# National Capital Region 2016 (May 21-22)



## antoineccantin (Apr 10, 2016)

The National Capital Region 2016 (~Ottawa, Ontario, Canada) competition has been announced! It will be an epic two day competition with lots of events, and likely the last one we're organizing. Come compete and or help out to finish this series with a bang, we'd love to have you!

http://www.canadiancubing.com/Event/NCR2016

Events:

2x2x2
3x3x3
3x3x3 Blindfolded
3x3x3 One-Handed
4x4x4
5x5x5
6x6x6
7x7x7
Pyraminx
Megaminx
Skewb
3x3x3 - With Feet
4x4x4 Blindfolded


----------



## PenguinsDontFly (Apr 10, 2016)

4 letters. H Y P and E.


----------



## OLLiver (Apr 10, 2016)

antoineccantin said:


> The National Capital Region 2016 (~Ottawa, Ontario, Canada) competition has been announced! It will be an epic two day competition with lots of events, and likely the last one we're organizing. Come compete and or help out to finish this series with a bang, we'd love to have you!
> 
> http://www.canadiancubing.com/Event/NCR2016
> 
> ...


eh I ain't canadian but why is this the last comp you're organising?


----------



## antoineccantin (Apr 11, 2016)

OLLiver said:


> eh I ain't canadian but why is this the last comp you're organising?

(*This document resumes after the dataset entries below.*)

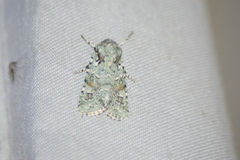 Lacinipolia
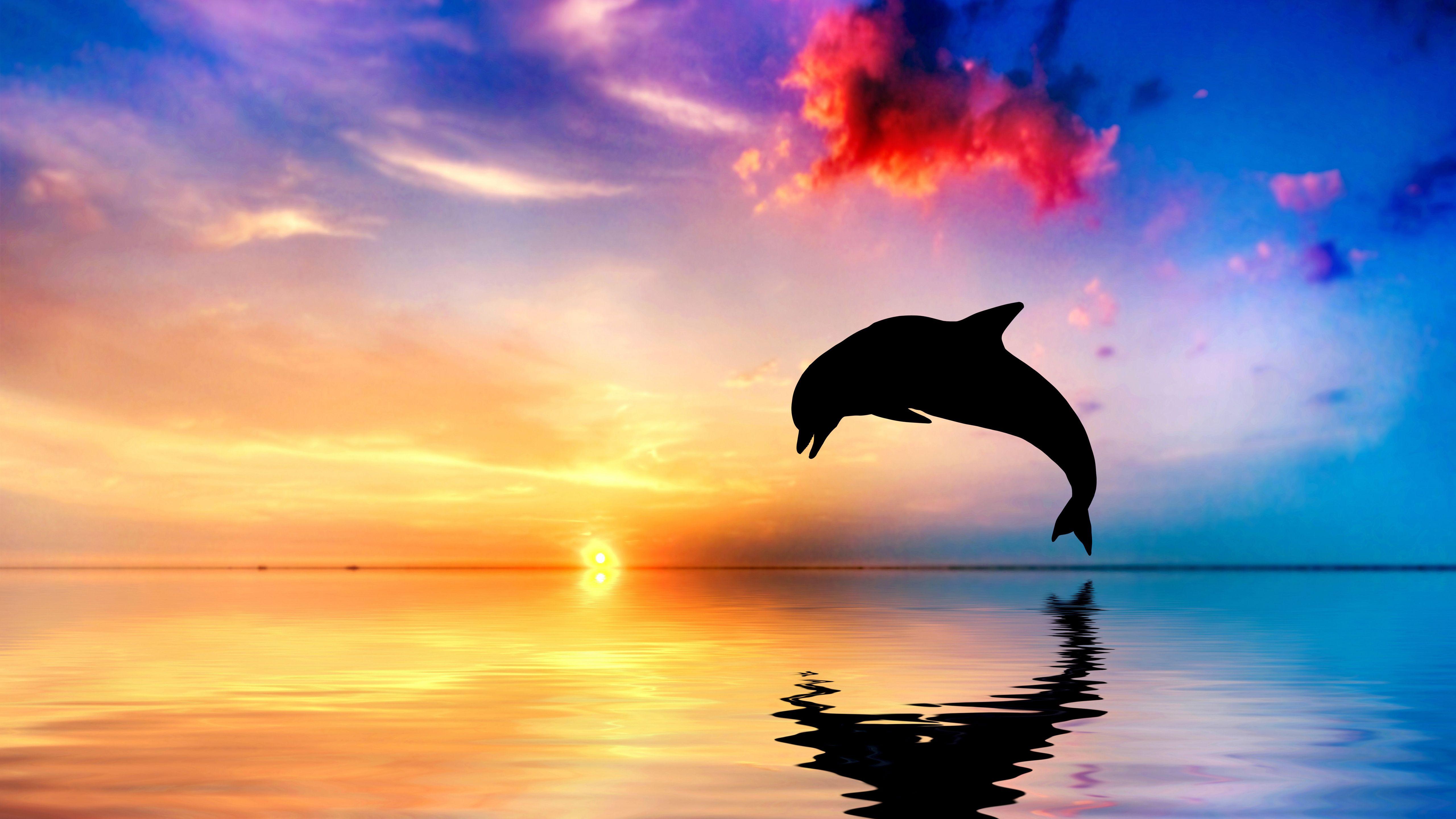 5120x2880 Dolphin Jumping Out Of Water Sunset View 4k 5k HD 4k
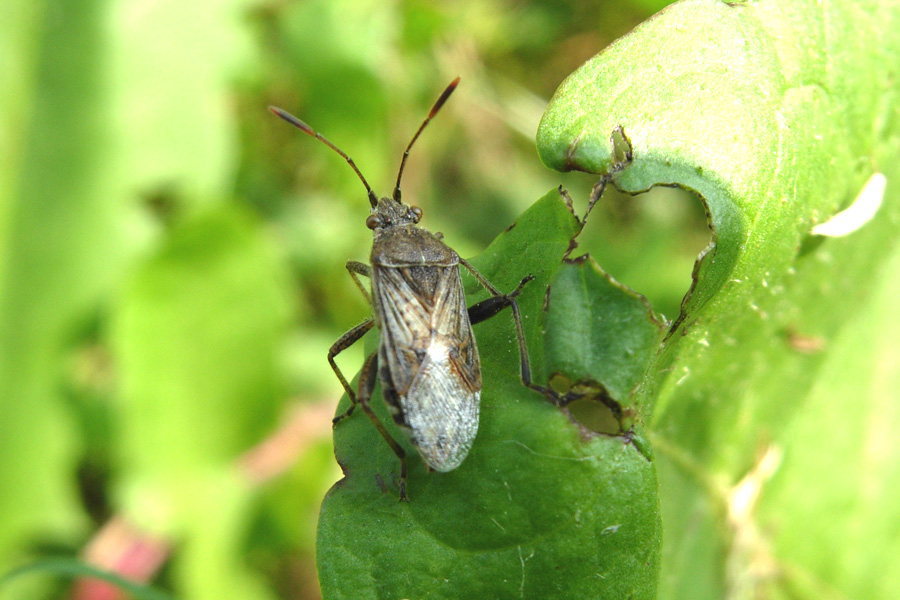 Closterotomus & Co. (Heteroptera)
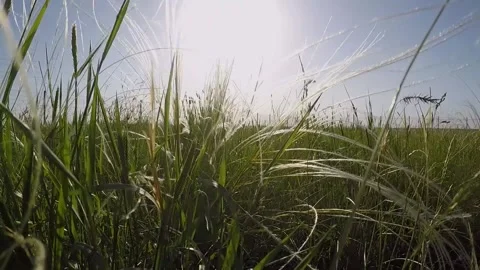 Feather Grass in the meadow inflates the wind Video stock 221819054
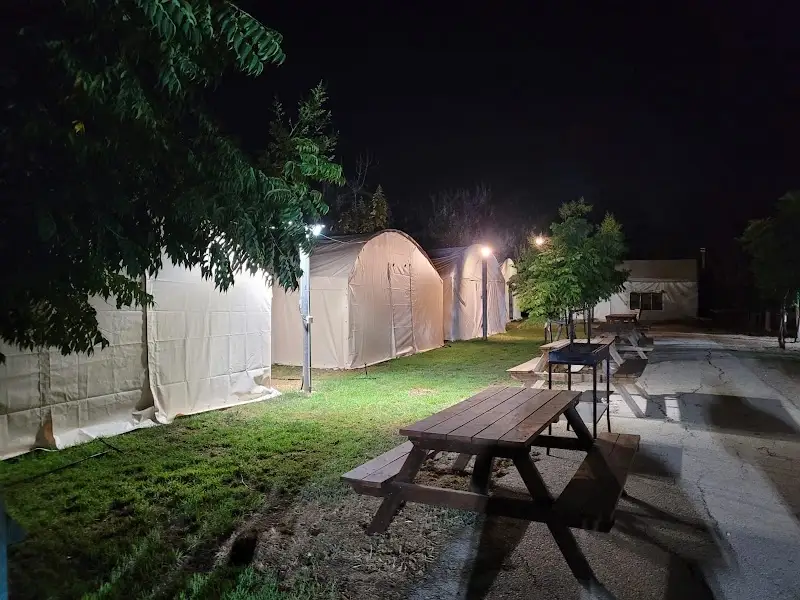 דרך העץ בשדמות דבורה — בילוי משפחתי עם ילדים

Well, it's my last year in high school, and it's my school's club which is organizing it. I might help organize more competitions un the future, but not at the same venue with the club.


----------



## kbrune (Apr 11, 2016)

antoineccantin said:


> Well, it's my last year in high school, and it's my school's club which is organizing it. I might help organize more competitions un the future, but not at the same venue with the club.



The truth is Antoine knows that I'm close to beating all his PBs so he's leaving town. I got him scurred!


----------



## PenguinsDontFly (Apr 11, 2016)

antoineccantin said:


> Well, it's my last year in high school, and it's my school's club which is organizing it. I might help organize more competitions un the future, but not at the same venue with the club.



There are quite a few guys at my school who cube and are interested in started a club so maybe next year my school can be the venue 



kbrune said:


> The truth is Antoine knows that I'm close to beating all his PBs so he's leaving town. I got him scurred!



I feel that this is very accurate.


----------



## kbrune (Apr 11, 2016)

PenguinsDontFly said:


> There are quite a few guys at my school who cube and are interested in started a club so maybe next year my school can be the venue



I'm looking to organize a comp in the future. I can possibly help host the comp at your school should that work out. Where in Ottawa is your school?


----------



## qwertycuber (Apr 11, 2016)

There has been like 5 competitions in Ontario lately, but I was not able to come an any of the competitions because of schedule reasons. I wish there would be competitions in Ottawa during the summer break, because that is the only time I am available.


----------



## PenguinsDontFly (Apr 11, 2016)

kbrune said:


> I'm looking to organize a comp in the future. I can possibly help host the comp at your school should that work out. Where in Ottawa is your school?



Awesome! Since NCR is in May and I'll be starting the club in the next school year, it will take a while to get things together (projected early 2017). My school is Colonel By and it's in gloucester (so east of downtown).

Edit: @qwertycuber there should be a Toronto comp in the summer if this year is following the patterns of previous years.


----------



## kbrune (Apr 11, 2016)

qwertycuber said:


> There has been like 5 competitions in Ontario lately, but I was not able to come an any of the competitions because of schedule reasons. I wish there would be competitions in Ottawa during the summer break, because that is the only time I am available.





PenguinsDontFly said:


> Awesome! Since NCR is in May and I'll be starting the club in the next school year, it will take a while to get things together (projected early 2017). My school is Colonel By and it's in gloucester.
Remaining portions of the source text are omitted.